Task prompt - In the entries below, begin at the line that has "Hayter 10/30 (133T001001-133T099999)" and stop after the line that has "8.3 The Medium-Sized"; output those lines exactly, leaving out pictures.

Working data -

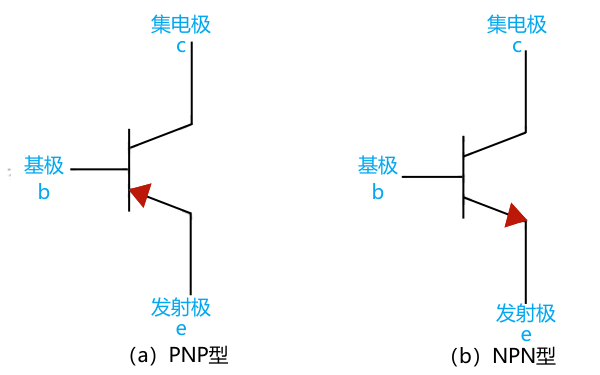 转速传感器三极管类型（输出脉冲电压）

...

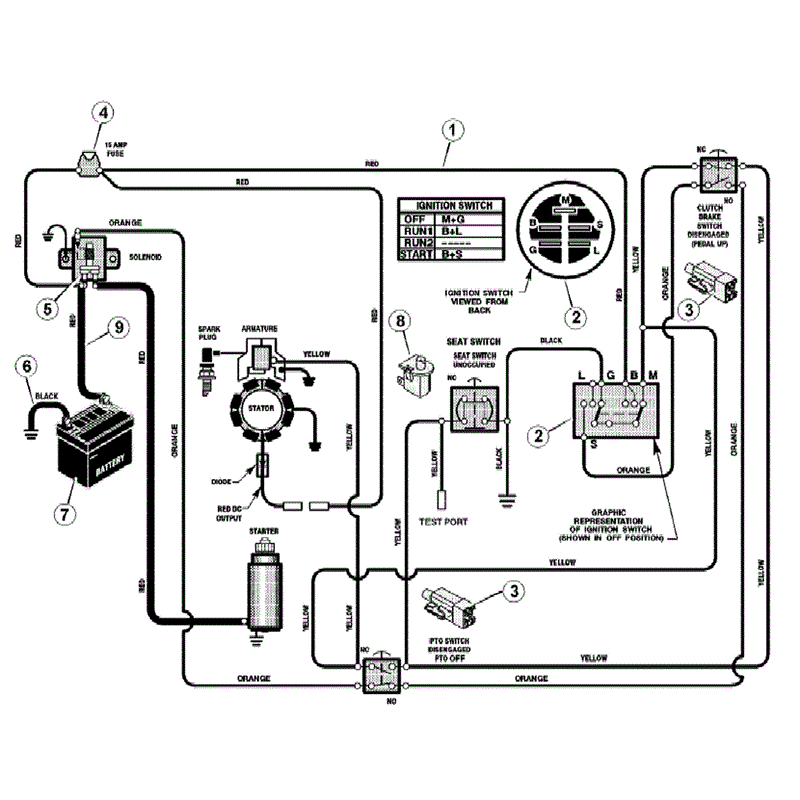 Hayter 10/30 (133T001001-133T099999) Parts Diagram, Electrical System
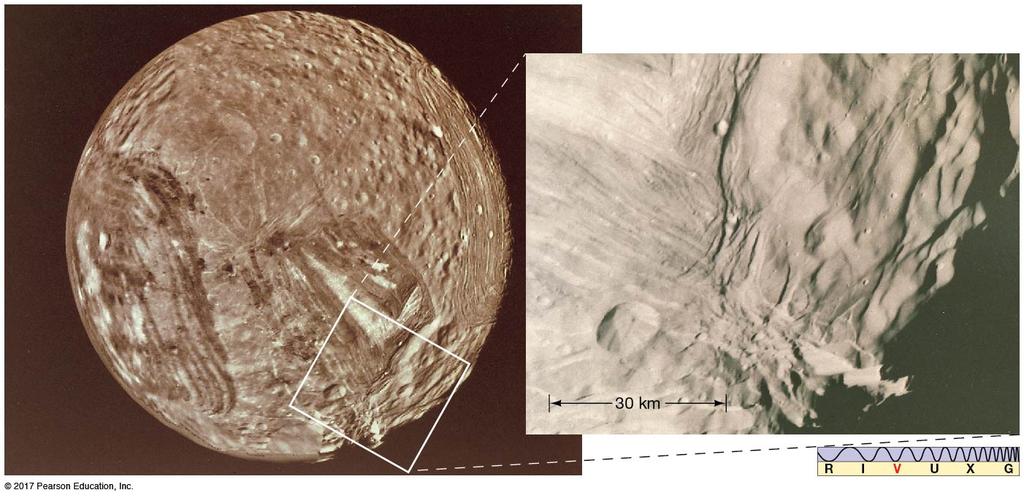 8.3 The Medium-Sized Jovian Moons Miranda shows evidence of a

Final answer -
 Hayter 10/30 (133T001001-133T099999) Parts Diagram, Electrical System
 8.3 The Medium-Sized Jovian Moons Miranda shows evidence of a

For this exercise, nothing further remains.